Broken Angel?

We live in a world full of so much we cannot touch or measure.
Our culture demands both for truth. I don't believe that. Probably many of you don't either. To do so is limited at best and at worst, destructive. Angels are messengers. I am no angel, but I am paying attention.

Wednesday, March 18, 2009

St Patrick's Day
I never really paid any attention to the day of the saint. Protestants are so boring sometimes. I guess with a name that comes out of the mists of the Hebrides my family had better things to do that to drink green beer. We’re snobs. Besides, this guy was responsible for kicking the Celtic kings out of the western annex of Scotland that is Ireland. The kings carried dragons, tattooed up their arms and legs. Patrick was a tough guy and he knew that unless he could get rid of these pesky Celts, Christianity would be wrestling with the Druids. Time for a coup. It got translated into pushing the snakes out of Ireland. That’s the legendary version.

Anyway, my first church was in Irvington, that bastion of Irish tradition. Well, in 1975 the Irish mob still ran a lot of the area.
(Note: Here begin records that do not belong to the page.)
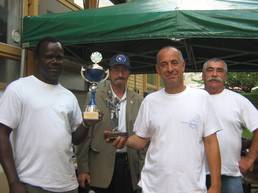Championnat doublette promotion Championnat doublette promotion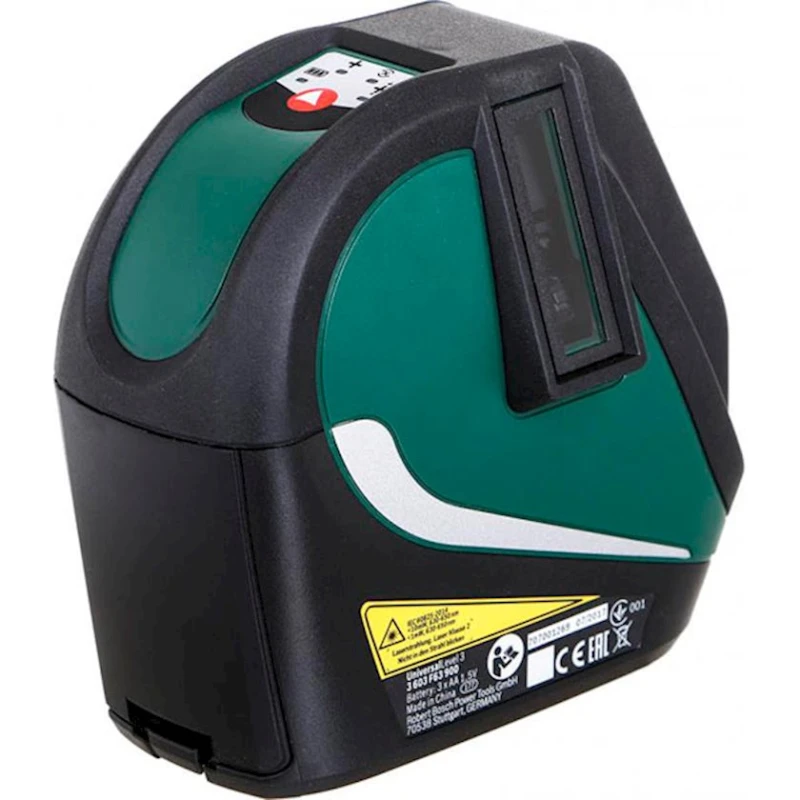 Лазерный нивелир Bosch Universal Level 3 Set 603663901 Лазерный нивелир Bosch Universal Level 3 Set 603663901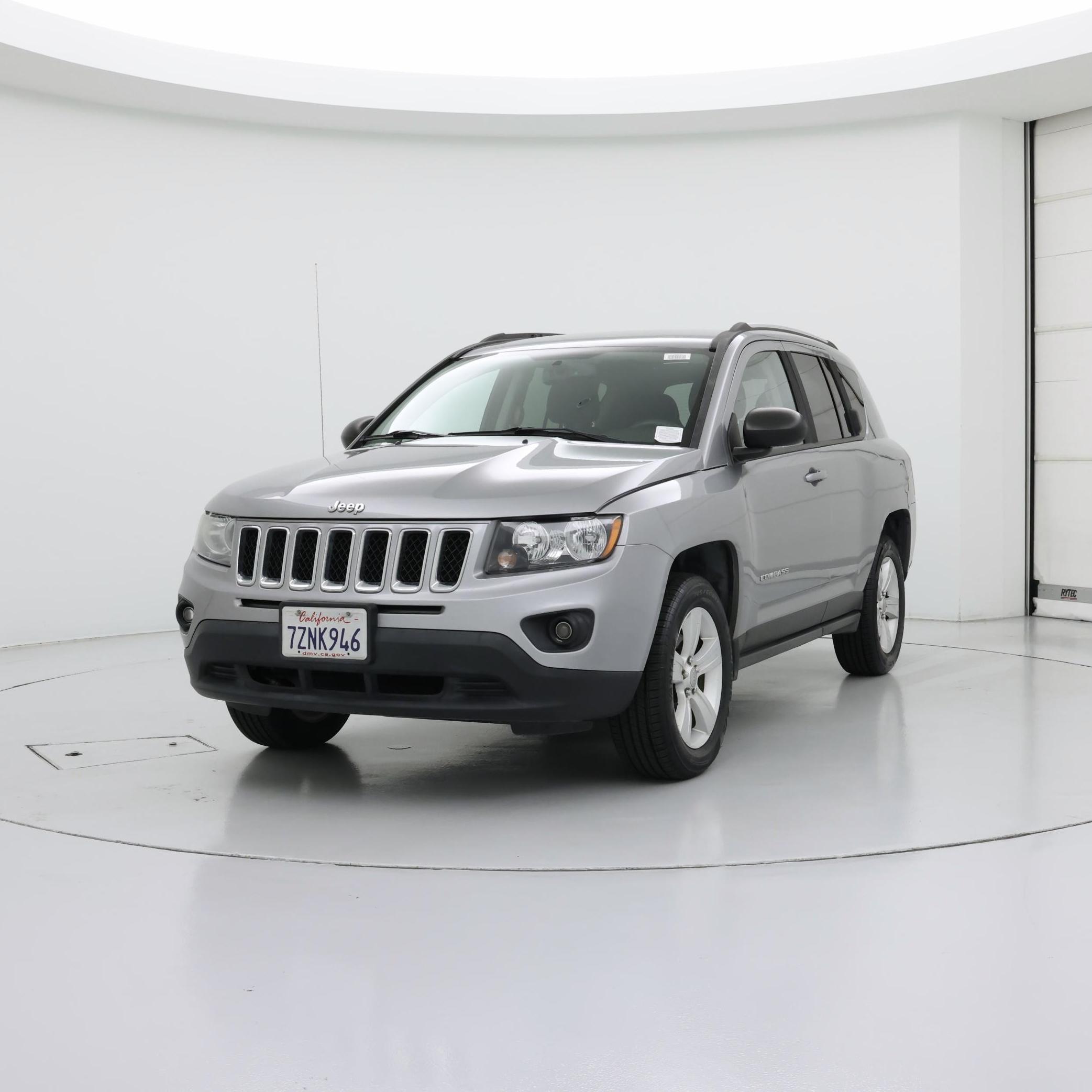 Thumbnail: 2016 Jeep Compass - 4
There was a parade to celebrate the wearing of the green. It went by my house. Late on the 16th, some of the faithful would follow the parade route and put a stripe down the middle of the street, a bright green stripe. I guess it helped the paradees not make any wrong turns.
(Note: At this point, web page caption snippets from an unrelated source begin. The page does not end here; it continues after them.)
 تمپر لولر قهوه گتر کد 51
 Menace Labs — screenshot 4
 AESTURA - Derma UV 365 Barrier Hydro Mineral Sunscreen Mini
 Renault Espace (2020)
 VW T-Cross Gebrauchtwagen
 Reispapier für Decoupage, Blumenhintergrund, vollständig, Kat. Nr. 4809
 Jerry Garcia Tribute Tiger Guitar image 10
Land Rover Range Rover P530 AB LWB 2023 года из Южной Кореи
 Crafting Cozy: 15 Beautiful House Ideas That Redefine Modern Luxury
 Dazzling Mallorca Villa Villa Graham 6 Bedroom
After watching this whole production an adolescent dragon, a wee beastie whispered in my ear “Mee boy, therr be a way to scatter dismay and consternation among these upstarts. This Patrrick be celebrated by all an’ none stand for the serpents. Justice! (that’s the way Celtic dragons talk). “

So late on the next March 16th, after the semi drunk crew had left green proof behind them down the middle of my street, I ventured forth in the wee hours of the morning, armed with two cans of orange spray paint. I confess I was not wearing a kilt. But my spirit was. The orange stripe began a block beyond Donovan’s Pub, the place where the parade began and where the faithful got tanked up before staggering forth. It ran parallel to the green, coexisting for fifty yards, and then with glee, as much glee as an orange stripe can exhibit, tangled and superimposed itself upon the green. The paint ran out a bit beyond my house. No sense leaving too much proof from whom the blessing of the orange had come.

The next day I sat on my stoop, early. I heard the first whoops of consternation an hour before the parade. Ahh, it was better than the pipes upon the moors. Being the day to party, they were not ready to repel such an assault. Besides, the time for the parade’s beginning came upon them, leaving them no choice but to go on with the show.
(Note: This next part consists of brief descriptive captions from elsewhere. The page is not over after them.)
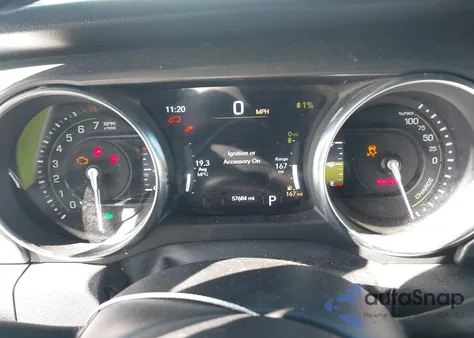 2023 Jeep Wrangler 4Xe 4X4 from USA, damaged, VIN 1C4JJXN6XPW591579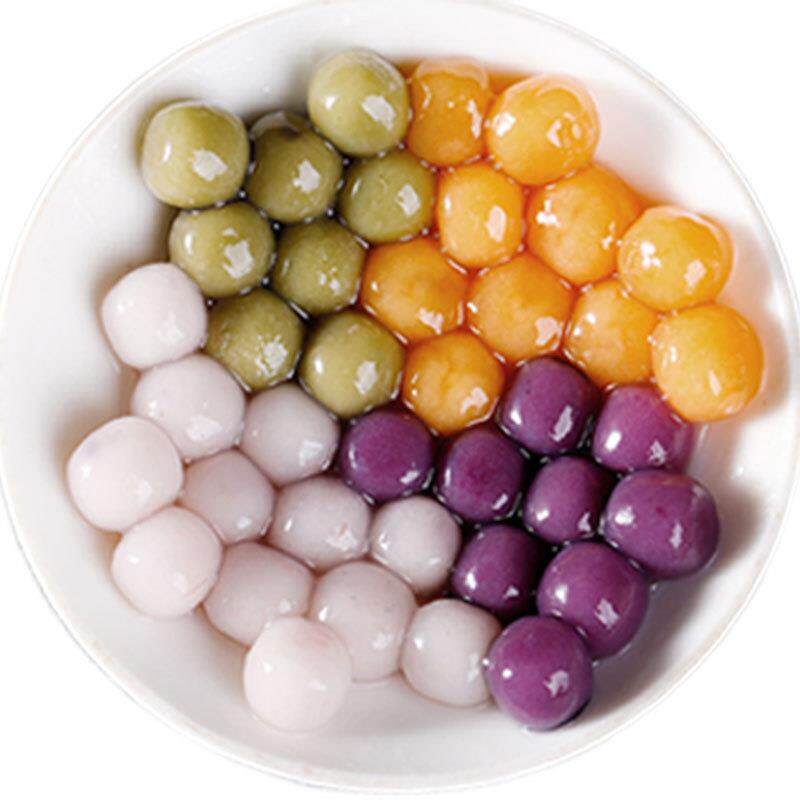 珍Q四味小芋圆混合装500g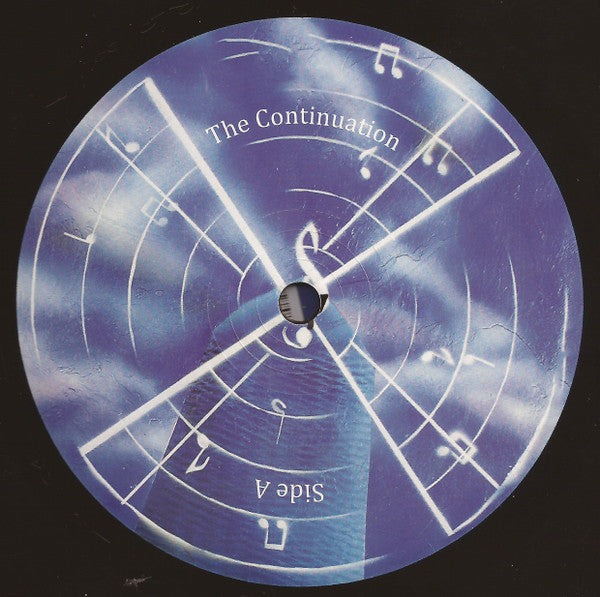The Windmill : The Continuation (LP, Album)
On that day the sons of Erin followed and orange stripe for half their jaunt. They scowled. It was beautiful. I could hear the beastie chuckling at them.

They posted guards the next year. Dragons must be reckoned with.

2 comments:

Anonymous said...

Ow! Where is the genosity in this? Not worthy of your angel.

Pops said...

This is pretty hard on the Irish.

Reading this posting causes me to think about why someone would paint the green line orange, and why he might write about it now. And about the reactions in the readers. And the power of words to illuminate and to hurt, and about the responsibility of the author and of the reader.

Provocative. Revealing. A bit painful. Tricky business -- triggering thoughts and emotions we don't always choose to face, or even know are there. The line between a stimulating idea and a stick in the eye is a fine one.